You can explicitly return or just fall off end of the function.


#3

How about

#define levelSwitch0 A0
#define levelSwitch1 A1
#define levelSwitch2 A2
#define levelSwitch3 A3
#define levelSwitch4 A4


int detectLevel() {
    
    // you may need to put some debounce here to account for water sloshing around in the tank

    int tankLevel   = digitalRead(levelSwitch0) * 1 
                    + digitalRead(levelSwitch1) * 1 
                    + digitalRead(levelSwitch2) * 1 
                    + digitalRead(levelSwitch3) * 1 
                    + digitalRead(levelSwitch4) * 1;
    
    return tankLevel;  // returns 0 - 5
}


void setup() {
    Serial.begin();
    while(!Serial.isConnected()) // wait for Host to open serial port
        Particle.process();
    
    Serial.print("\nTank level system");
    
    pinMode(levelSwitch0, INPUT_PULLUP);
    pinMode(levelSwitch1, INPUT_PULLUP);
    pinMode(levelSwitch2, INPUT_PULLUP);
    pinMode(levelSwitch3, INPUT_PULLUP);
    pinMode(levelSwitch4, INPUT_PULLUP);


}

void loop() {
    int tankLevel;
    static int prevTankLevel;
    
    tankLevel =  detectLevel() * 20;
    if(prevTankLevel != tankLevel) {
        prevTankLevel = tankLevel;
        Serial.printf("\nTank level is %d%%", detectLevel() * 20);
    }
    
    // do other stuff

}

#4

If all the actions for each individual sensor are the same then I’d opt for an explicit for() loop which you control when to drop out of. If you have the control variable outside of your for() then you can even act upon the final index once dropped out of the loop.

@shanevanj, I’d rather give each switch its own place to be able to filter bad readings.
With the approach shown, you couldn’t tell apart 1 1 0 0 0 (=2) from a bad sensor producing the same with 1 0 0 0 1.
With this (which I’d consider doing in a loop again) you can filter out bad sensors

    int tankLevel   = digitalRead(levelSwitch0) *  1 
                    + digitalRead(levelSwitch1) *  2 
                    + digitalRead(levelSwitch2) *  4 
                    + digitalRead(levelSwitch3) *  8 
                    + digitalRead(levelSwitch4) * 16;

BTW, instead of levelSwitchX I’d suggest you use something like this

const int pinSW[] = { D0, D1, D2, D5, D6 };
const int numSW   = sizeof(pinSW) / sizeof(pinSW[0]);

void setup() {
  for (int sw = 0; sw < numSW; sw++) 
    pinMode(pinSW[sw], INPUT_PULLUP);
}

void loop() {
  int sw;
  for (sw = 0; sw < numSW; sw++) {
    // do stuff
    if (!digitalRead(pinSW[sw]) break;
  }
  switch(sw) {
    case 0: // special treatment for switch 0
      break;
    case 1: ...
      break:
    ...
    case numSW: // case that we just dropped out of for() without break
      // do stuff
      break;
    default:
      // treat the non-special cases
      break;
  }
} 

This way you can add/remove switches to the array without ever having to revisit the code (providing all are treated the same).


#5

@ScruffR, This isn’t my thread, but thanks for going to the trouble of posting that code and comments.

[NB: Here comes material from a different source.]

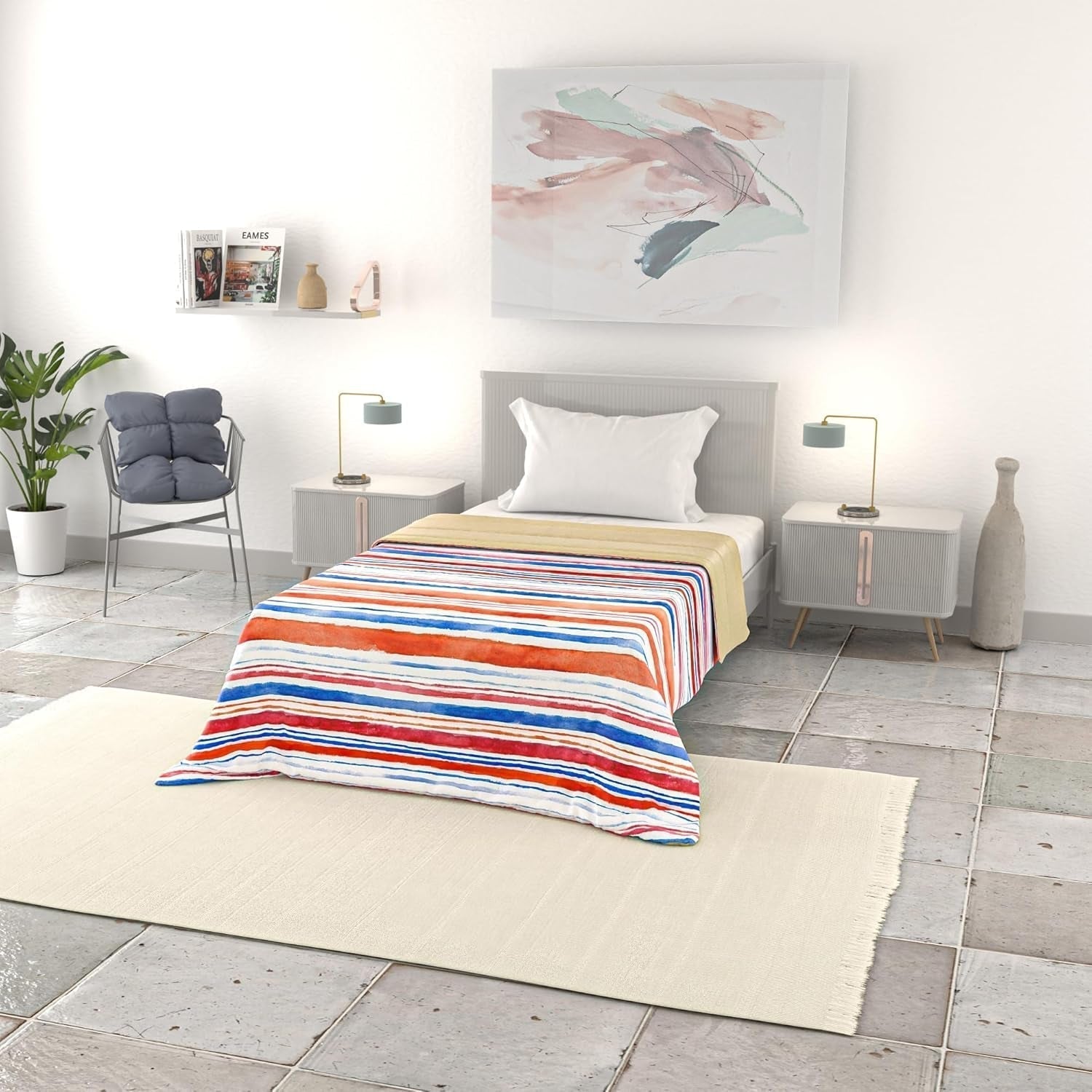 Couverture d'été basique, microfibre, rayures jeans, 200X240Cm Couettes et couettes Naty Shop Strisce 200X240Cm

Just last night I was thinking about the CODE for a project exactly like this. And behold, this morning you have posted a very clean solution. I wish my brain worked like yours.

Thanks again !


#6

I’m torn as to which reply to mark as the solution here. On the one hand, @joel provided valuable info as to how loop() works which was the essence of my original question. On the other hand, @shanevanj and @ScruffR gave me better ways to approach my problem in code. With apologies to @joel, point goes to code in this case. Thanks go out to all who responded, though. I very much appreciate the help!

Of the two code examples, @ScruffR’s use of arrays and the powers-of-two differentiation on the switches is the one I’ll end up using, mainly because it gives me a way to detect if a switch fails.

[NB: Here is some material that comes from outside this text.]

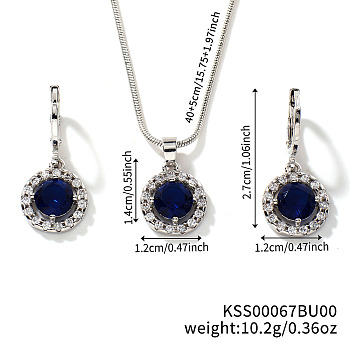 Brass Rhinestones Flat Round Jewelry Set, Earrings & Necklaces Set for Fashionable Women, Dark Blue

And, yes, the switches do get special treatment. In particular, once the bottom switch trips there about 3 days worth of liquid left, after which I will stop the pump so it doesn’t run dry. During those three days text alerts are sent with increasing frequency. All the other switches send a single notification each. This code framework will support the differentiated responses.

Thanks again, everyone!


#7

There is an option that allows you to read all of the switches on one analog pin. It requires a few resistors, but only requires one pair of wires running between the MPU and the water barrel.

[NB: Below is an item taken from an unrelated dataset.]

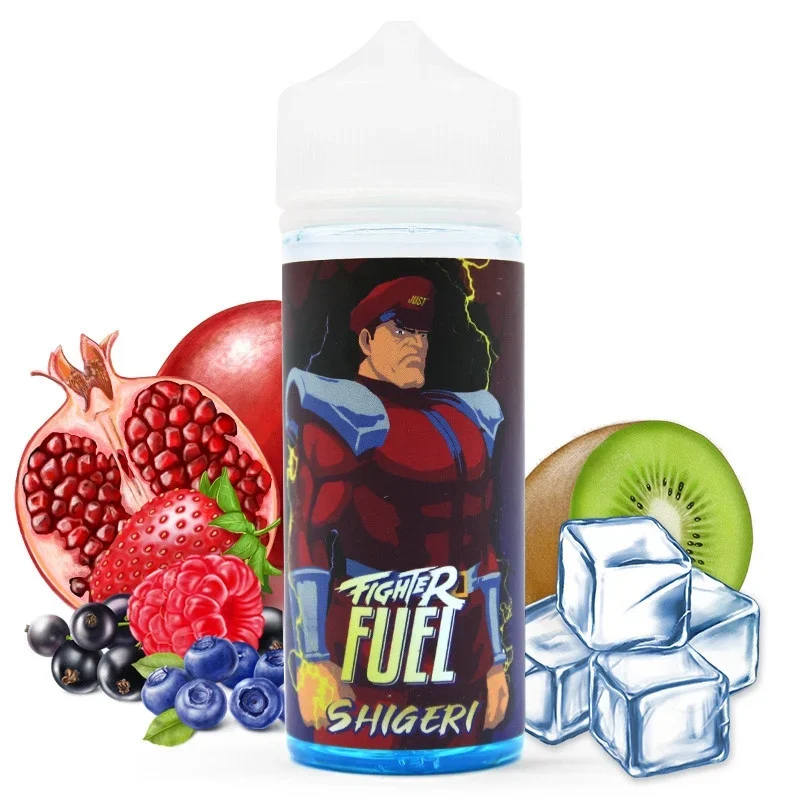 Eine Flasche E-Liquid „Fighter Fuel Shigeri“ mit illustriertem Superhelden und verschiedenen Früchten und Eiswürfeln drumherum.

The following diagram shows the wiring concept.

image

Essentially, this circuit creates a voltage divider that will deliver a voltage to Pin A0. That voltage will vary between 0 and 3.3v depending on the value of the resistors that are used and the number of switches that are closed.

An analog read of pin A0 will return a number between 0 and 4095 based on the voltage, so you can simply set thresholds based on the number that is returned.


#8

That’s pretty cool! I’m not constrained on pins though, but if I ever am I’ll keep this in mind.

Thanks!